Usually I’m a live-and-let-live kind of person, and so when cluster flies gathered at my mother-in-law’s house, I’d open the window and screen and send them off. But those hungry warblers made me lose all compassion for the poor flies—suddenly they were nothing more than food, and I found myself swatting at them. I’d scoop up a dozen or so and put them in a flower box on the deck. Some of the flies were merely stunned, and when they took off, one or another warbler would notice the movement and snap them up in midair. But one little warbler took notice of the fact that the flies were taking off from the flower box whenever I went over there. Within a few minutes, it was flying into the box and gorging on flies the moment I went back indoors.

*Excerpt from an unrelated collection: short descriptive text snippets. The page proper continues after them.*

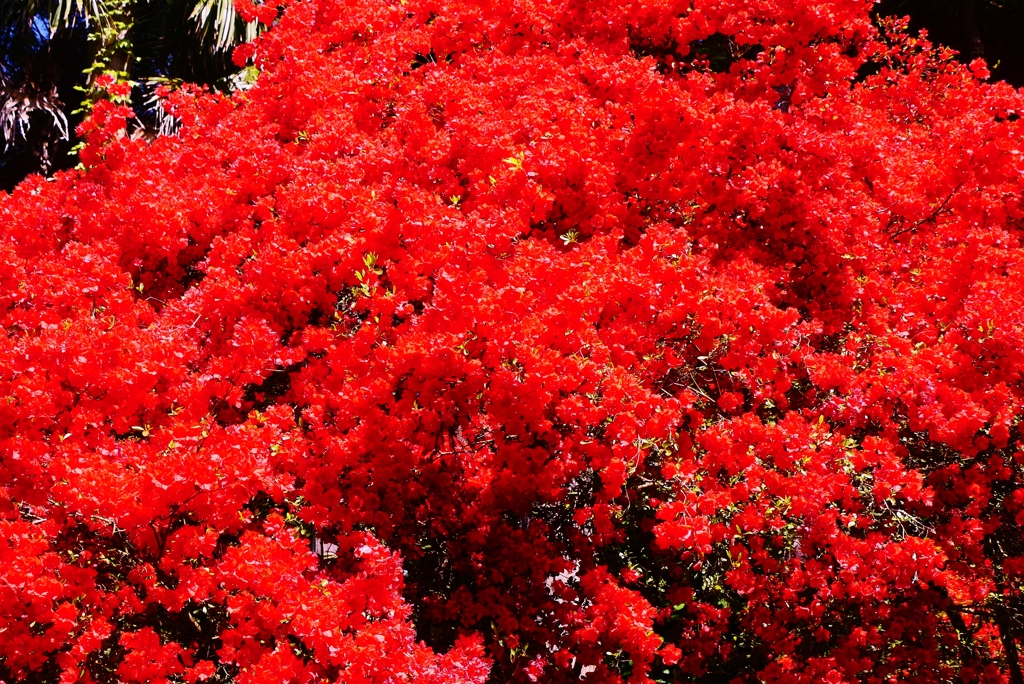 深紅の　能登霧島ツツジ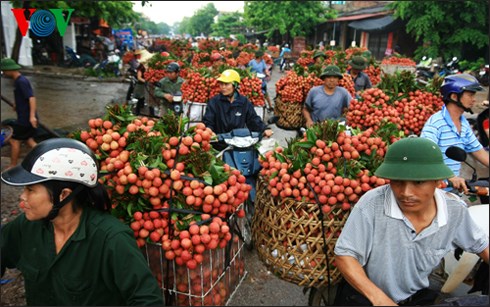 Tìm giải pháp tháo gỡ cho tiêu thụ nhãn, vải (Nông nghiệp và nông thôn ngày 21/6/2015)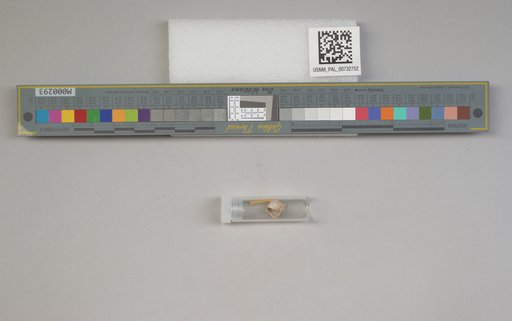 NSF ADBC EPICC TCN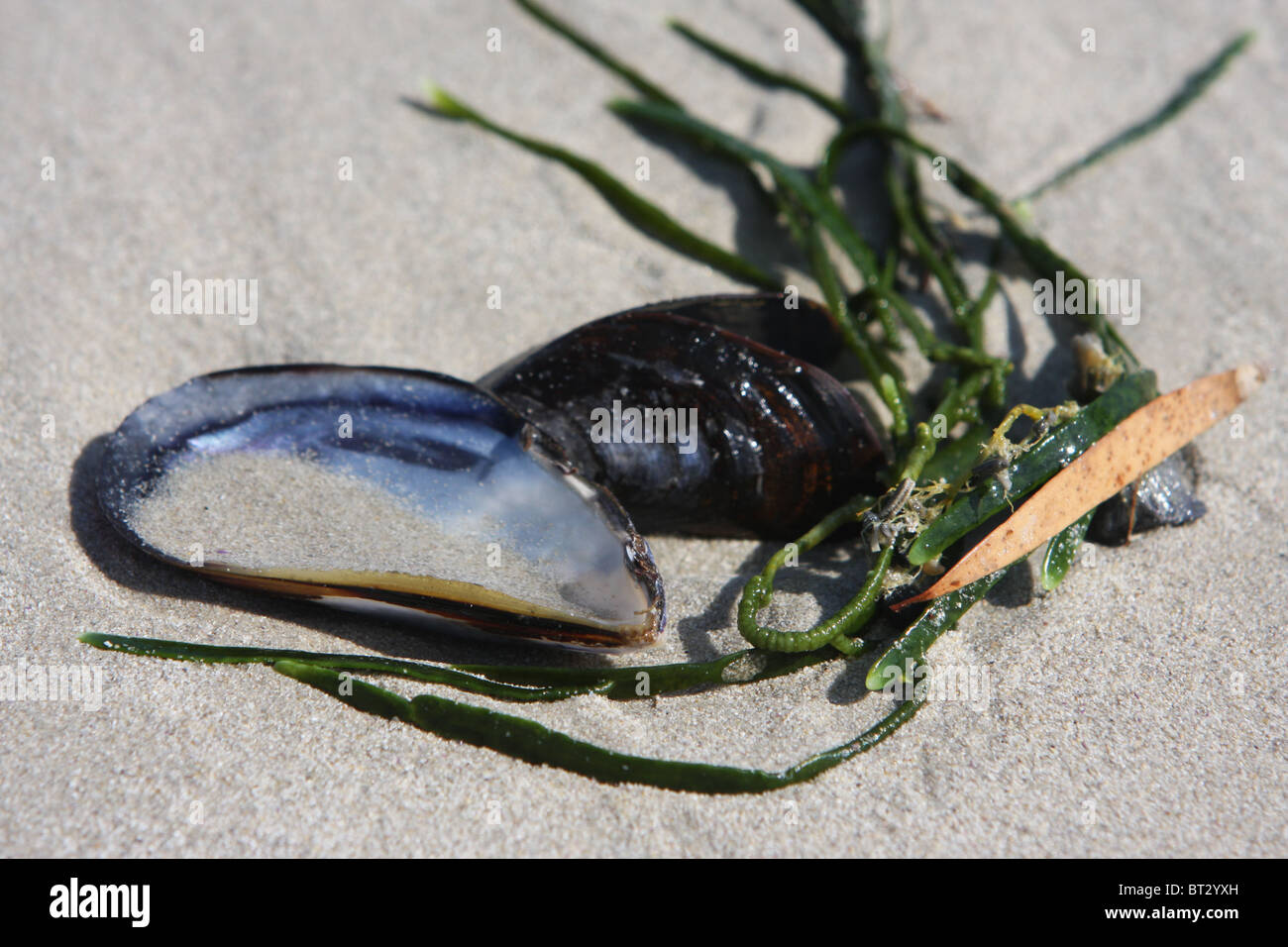 South Africa, beach, sand, shell, kelp, seaweed Stock Photo - Alamy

These little yellow-rumps started off in the Canadian and northern Minnesota wilderness, and are headed to the southern states and some all the way to Central America. Between their summering and wintering grounds, they pass through a lot of unfamiliar habitats. Every single one of them will have to fly over Interstate 80. They take off in the dark and fly all night, and at the end of an exhausting flight can find themselves in all manner of unexpected places, from big cities to Iowa cornfields. And wherever they find themselves, these strangers in a strange land, they must figure out how to deal with the unfamiliar or they'll die.
Many people think of birds as avian automatons, following instincts rather than reasoning, but as that adaptable little yellow-rump showed me, these birds are more intelligent than one would think. I felt sad leaving—if I’d had my druthers, I’d have spent the rest of the day swatting flies and bringing them outside. Other warblers would have made the connection to me, or followed the example of the smart little one, and soon at least six yellow-rumps would have had enough protein to rev them up for the night’s migration. But instead, all I could do is wish them, especially one endearing and unique little bird, a safe journey.